Apenas caminamos cien metros. De pronto, parte de la turba intolerante se amotinó como hacían en el 68, solo que en el suelo ya no se tocaba la guitarra ni se gritaba peace and love. Ahora, cubata en mano, nos escupían su odio controlado desde el Ministerio del Interior. Hace cuarenta años estaba prohibido prohibir. El sábado, lo prohibido era ser libre.
Eran las 20:30 horas y comenzaba lo que iban a ser dos horas de lucha contra lo inevitable. Cuando la policía llegó, en principio, para disolver al soviet del asfalto, ya era tarde. Estábamos literalmente rodeados, empapados en agua, en orina, con latas y botellas volando sobre nuestras cabezas, hielos que incluso golpearon a alguno de nuestros compañeros. Nada parecía detenerlos. Ni siquiera la buena gente que entre el público se encontraba. Ese pequeño hálito de esperanza que nos insuflaba apoyo ante la mirada inquisidora del vecino de manifa. Esos ciudadanos libres que se acercaban entre empellones a nosotros para sonreírnos en silencio. Defendían sus derechos, que eran los nuestros. Y los nuestros, que eran los suyos. Pero no podían evidenciarlo mucho más. No cuando representaban a esa minoría callada por la masa sectaria.

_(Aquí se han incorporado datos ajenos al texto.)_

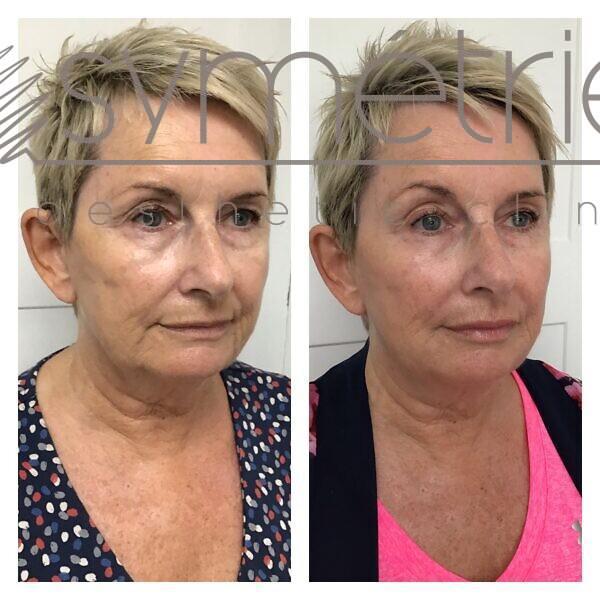8 Point Face Lift Before and After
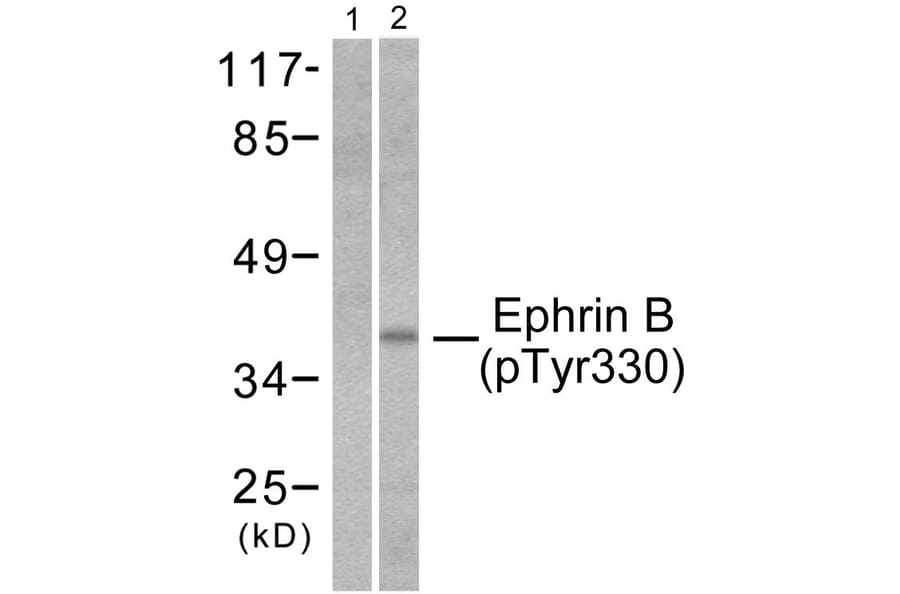 Western Blot - Anti-EFNB1 + EFNB2 (phospho Tyr330) Antibody (A0010) - Antibodies.com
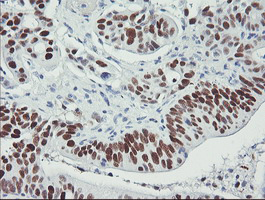 TP53 / p53 Antibody - IHC of paraffin-embedded Carcinoma of Human pancreas tissue using anti-TP53 mouse monoclonal antibody.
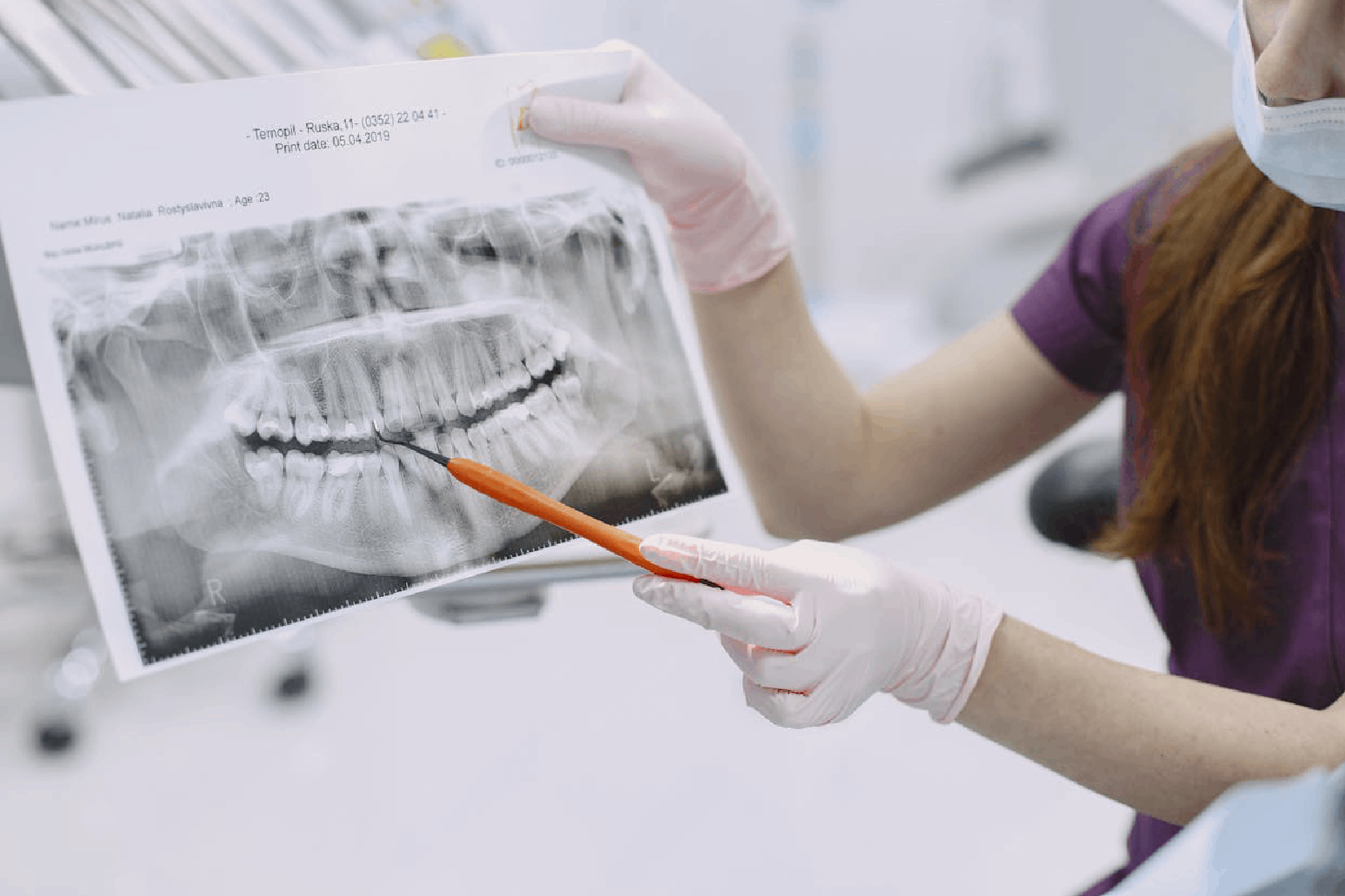 Почему важно регулярно проверять здоровье зубов?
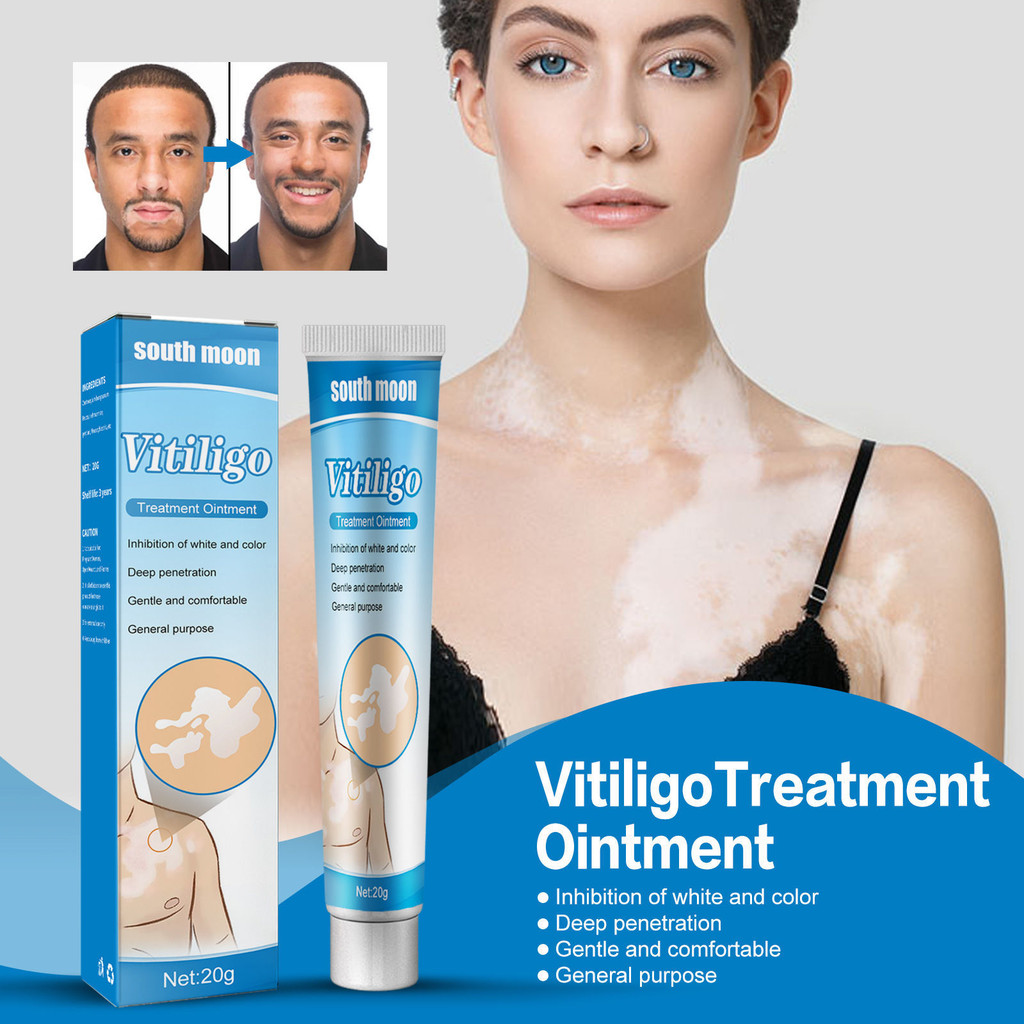 ครีมทาผิว South Moon Tinea Care Health Ointment ครีมล้างจุดขาว Tinea Versicolor Vitiligo ครีมใช้ภายนอก 3pfjintian.my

Son casi las diez y media de la noche y nos dicen que tenemos que abandonar el lugar. Que la violencia, otra vez, ha triunfado. Impunemente. Cruzamos escoltados la calle entre gritos de “No pasarán”. Apenas si podíamos caminar, rodeados por el rostro del odio colectivo generado en sus caras. Lo peor fue la impotencia de ver a niños de diez años, jaleados por sus padres, esputando, en su ignorante inocencia, “fascistas” a cada miembro de Ciudadanos. No fue fácil. Salir así de una manifestación que debió ser una fiesta como si fueras un violador, un terrorista o un pederasta no te reconcilia con la humanidad, pero te hace más fuerte en tu abrazo con la verdad y la libertad.
Hacía tiempo que no vivía un hecho así. Lo peor es que esto empieza a ser la norma. Ciudadanos es hoy la excusa. Como ayer lo fue UPyD. En realidad, las protestas del sábado por la turba intolerante no son políticas. Tampoco lo hacen por pactos que no existen, ni por derechos que no han perdido. Es sobre todo, y por encima de todo, una acción ideológica. Porque la ideología ha secuestrado, una vez más, a la causa. Y con ello, perdemos todos. Una vez más. Y de nuevo en España.
Ps: Esta breve crónica bien podía haberse redactado en el preámbulo de 1936, la novela negra de nuestra historia. Pero se ha reescrito, y vivido, por desgracia, un nefasto, para los que amamos la libertad, 6 de julio de 2019.